◆ Records to process ◆

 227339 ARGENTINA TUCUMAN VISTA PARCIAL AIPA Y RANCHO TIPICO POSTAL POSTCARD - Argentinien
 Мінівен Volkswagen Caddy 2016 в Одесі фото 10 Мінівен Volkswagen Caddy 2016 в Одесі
==
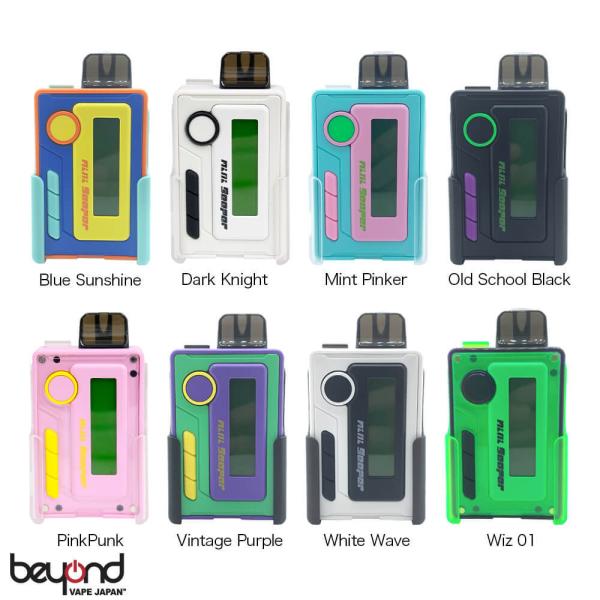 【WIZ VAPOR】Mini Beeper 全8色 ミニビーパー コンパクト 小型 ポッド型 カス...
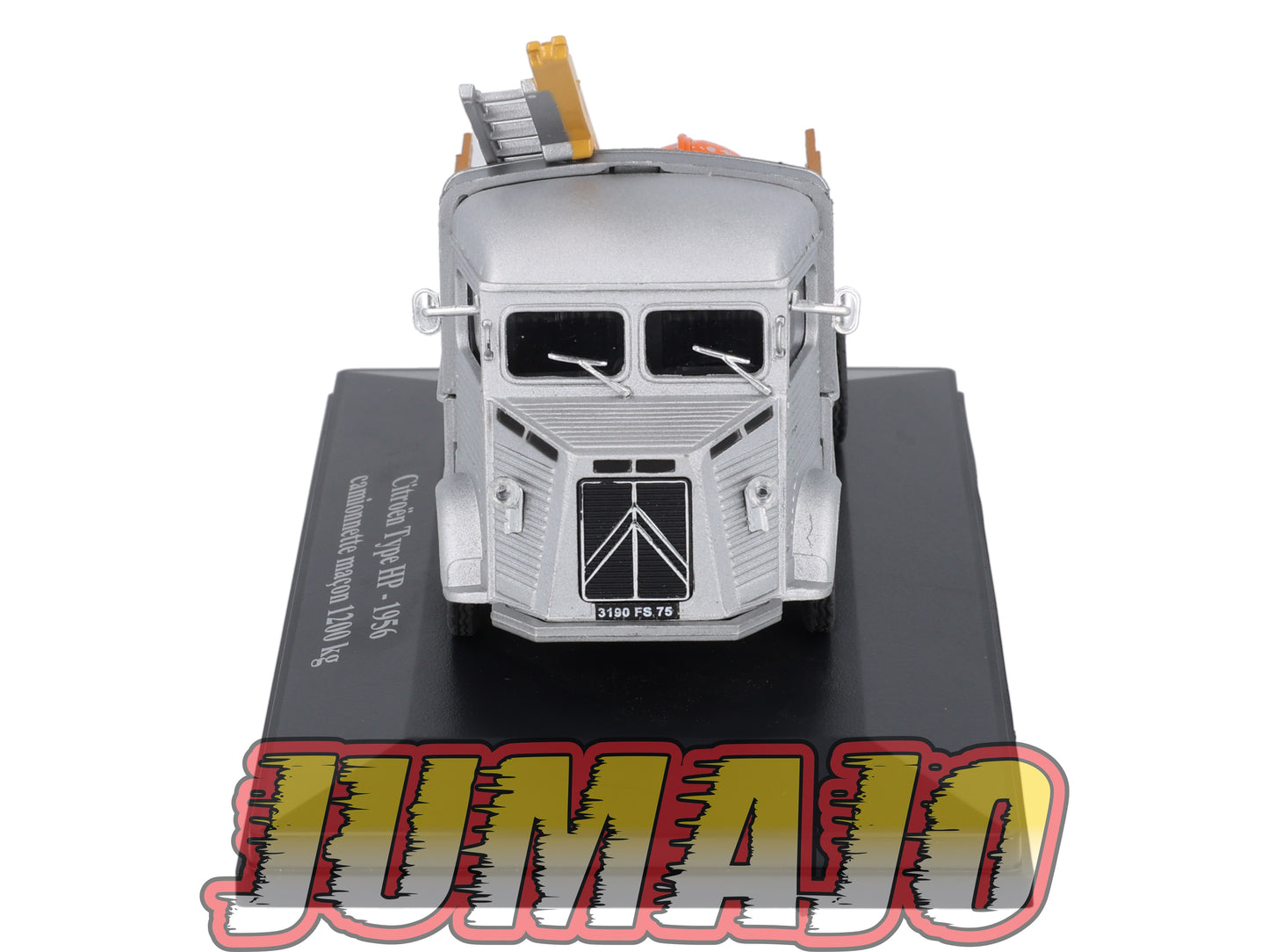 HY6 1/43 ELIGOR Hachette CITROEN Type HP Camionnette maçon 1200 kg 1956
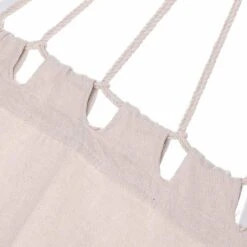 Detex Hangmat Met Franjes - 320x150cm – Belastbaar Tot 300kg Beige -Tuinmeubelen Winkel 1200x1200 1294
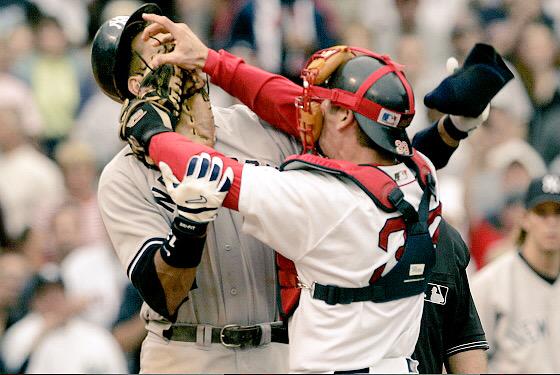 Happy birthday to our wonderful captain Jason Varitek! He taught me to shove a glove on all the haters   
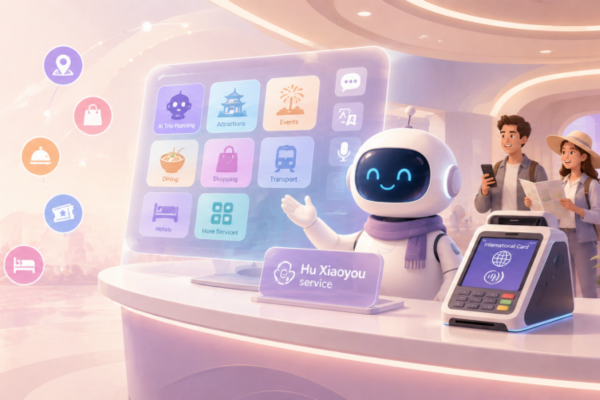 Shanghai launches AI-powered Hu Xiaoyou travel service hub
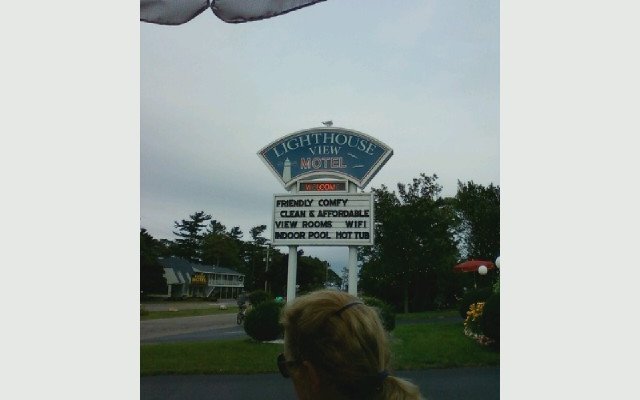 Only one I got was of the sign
...
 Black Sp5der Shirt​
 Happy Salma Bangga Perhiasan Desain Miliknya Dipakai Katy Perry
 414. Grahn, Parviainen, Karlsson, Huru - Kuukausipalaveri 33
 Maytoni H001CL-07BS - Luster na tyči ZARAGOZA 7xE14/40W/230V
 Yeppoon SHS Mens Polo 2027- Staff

◆ Work order ◆
Could you transcribe exactly the entries above, but only the lines from the one with "小型 ポッド型 カス..." through the one with "Happy birthday to", and without pictures?

◆ Answer to this task ◆
 【WIZ VAPOR】Mini Beeper 全8色 ミニビーパー コンパクト 小型 ポッド型 カス...
 HY6 1/43 ELIGOR Hachette CITROEN Type HP Camionnette maçon 1200 kg 1956
 Detex Hangmat Met Franjes - 320x150cm – Belastbaar Tot 300kg Beige -Tuinmeubelen Winkel 1200x1200 1294
 Happy birthday to our wonderful captain Jason Varitek! He taught me to shove a glove on all the haters   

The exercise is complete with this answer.